Material provided below:

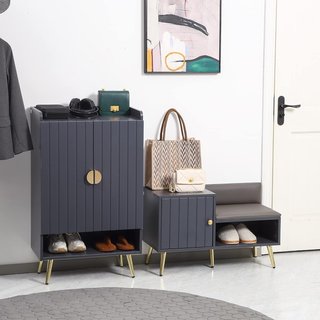 Banco Zapatero De Entrada Ahorra Espacio Con Asiento Acolchado, Estante Abierto Y Armario Para 4 Pares De Zapatos, Pasillo, Dormitorio, Sala De Estar En Madera, 80X33X49Cm, Gris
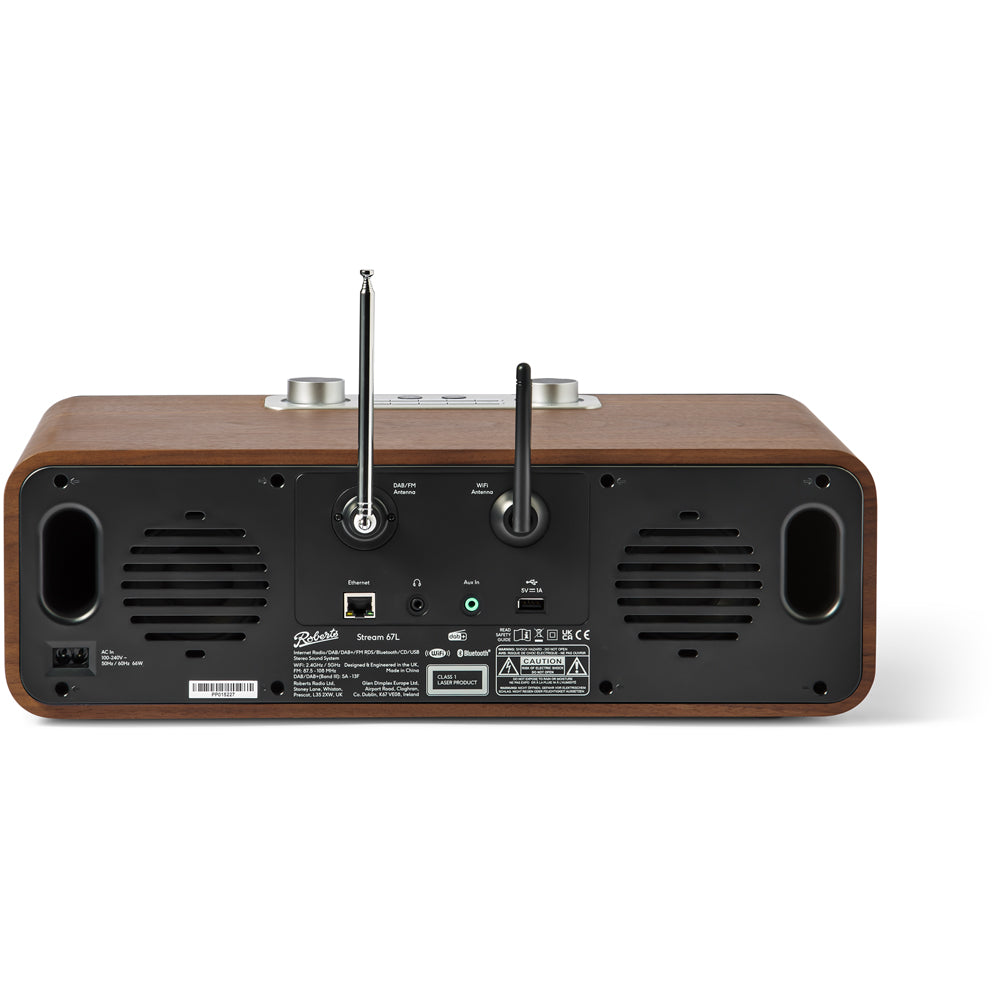 Roberts Stream 67L Bluetooth Sound System with CD Player and Internet DAB+ Radio - Walnut Walnut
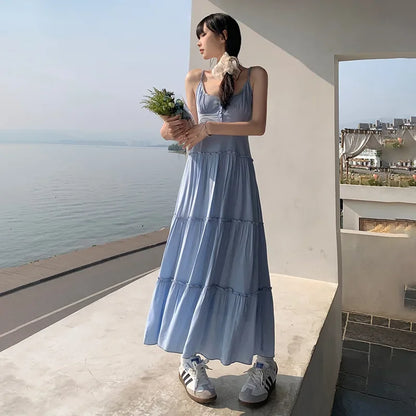 French Summer Waist Cinched A- Line Midi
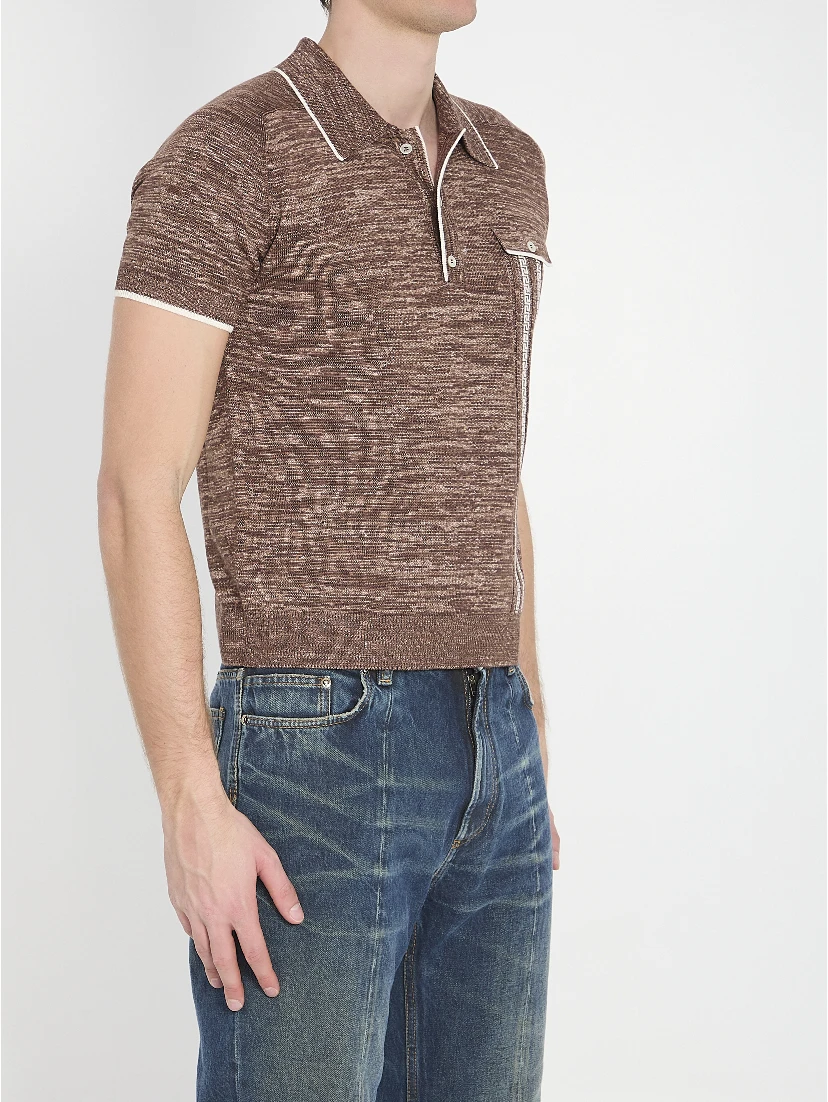 Mouliné knit polo shirt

End of Material provided.

**What the exercise asks**
Skip the images and set down the rest of the data unchanged.

**Response to the task**
 Banco Zapatero De Entrada Ahorra Espacio Con Asiento Acolchado, Estante Abierto Y Armario Para 4 Pares De Zapatos, Pasillo, Dormitorio, Sala De Estar En Madera, 80X33X49Cm, Gris
 Roberts Stream 67L Bluetooth Sound System with CD Player and Internet DAB+ Radio - Walnut Walnut
 French Summer Waist Cinched A- Line Midi
 Mouliné knit polo shirt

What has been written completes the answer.